Below are the entries to work from; restate word for word the portion that opens with the line containing "Luana Waikiki Oceanview" and closes with the line containing "جي ام سي يوكن 2023 اسود 10", keeping both.

Input data Start Marker

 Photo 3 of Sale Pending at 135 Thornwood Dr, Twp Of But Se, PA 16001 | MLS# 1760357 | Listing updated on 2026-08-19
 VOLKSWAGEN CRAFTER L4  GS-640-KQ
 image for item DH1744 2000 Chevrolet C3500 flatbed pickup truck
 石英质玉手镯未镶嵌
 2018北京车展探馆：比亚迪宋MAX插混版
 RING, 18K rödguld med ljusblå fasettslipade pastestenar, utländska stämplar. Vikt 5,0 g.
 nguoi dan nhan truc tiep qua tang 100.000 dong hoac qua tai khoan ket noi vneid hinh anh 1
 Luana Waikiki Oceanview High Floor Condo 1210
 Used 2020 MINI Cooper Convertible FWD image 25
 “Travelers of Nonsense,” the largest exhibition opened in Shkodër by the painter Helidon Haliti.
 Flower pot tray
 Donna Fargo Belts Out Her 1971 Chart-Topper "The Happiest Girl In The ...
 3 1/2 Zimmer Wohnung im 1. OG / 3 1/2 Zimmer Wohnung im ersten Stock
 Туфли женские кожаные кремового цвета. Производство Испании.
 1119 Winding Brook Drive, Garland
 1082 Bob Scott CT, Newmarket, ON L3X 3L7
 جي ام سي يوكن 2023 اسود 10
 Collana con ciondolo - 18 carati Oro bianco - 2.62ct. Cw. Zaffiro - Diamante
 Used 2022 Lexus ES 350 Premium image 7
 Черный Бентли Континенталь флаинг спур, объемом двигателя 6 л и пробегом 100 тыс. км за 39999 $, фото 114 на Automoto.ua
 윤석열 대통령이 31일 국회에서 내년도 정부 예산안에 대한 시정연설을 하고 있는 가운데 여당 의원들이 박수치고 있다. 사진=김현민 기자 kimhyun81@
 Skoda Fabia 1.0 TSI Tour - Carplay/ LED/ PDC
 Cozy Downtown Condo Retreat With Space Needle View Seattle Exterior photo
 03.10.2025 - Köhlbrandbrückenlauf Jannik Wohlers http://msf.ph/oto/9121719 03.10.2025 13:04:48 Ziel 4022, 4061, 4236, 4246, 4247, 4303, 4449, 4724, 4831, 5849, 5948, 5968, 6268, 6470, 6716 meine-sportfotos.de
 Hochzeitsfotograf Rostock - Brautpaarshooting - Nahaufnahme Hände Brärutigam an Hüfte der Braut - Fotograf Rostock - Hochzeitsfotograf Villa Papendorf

Input data End Marker

• Exercise response:
 Luana Waikiki Oceanview High Floor Condo 1210
 Used 2020 MINI Cooper Convertible FWD image 25
 “Travelers of Nonsense,” the largest exhibition opened in Shkodër by the painter Helidon Haliti.
 Flower pot tray
 Donna Fargo Belts Out Her 1971 Chart-Topper "The Happiest Girl In The ...
 3 1/2 Zimmer Wohnung im 1. OG / 3 1/2 Zimmer Wohnung im ersten Stock
 Туфли женские кожаные кремового цвета. Производство Испании.
 1119 Winding Brook Drive, Garland
 1082 Bob Scott CT, Newmarket, ON L3X 3L7
 جي ام سي يوكن 2023 اسود 10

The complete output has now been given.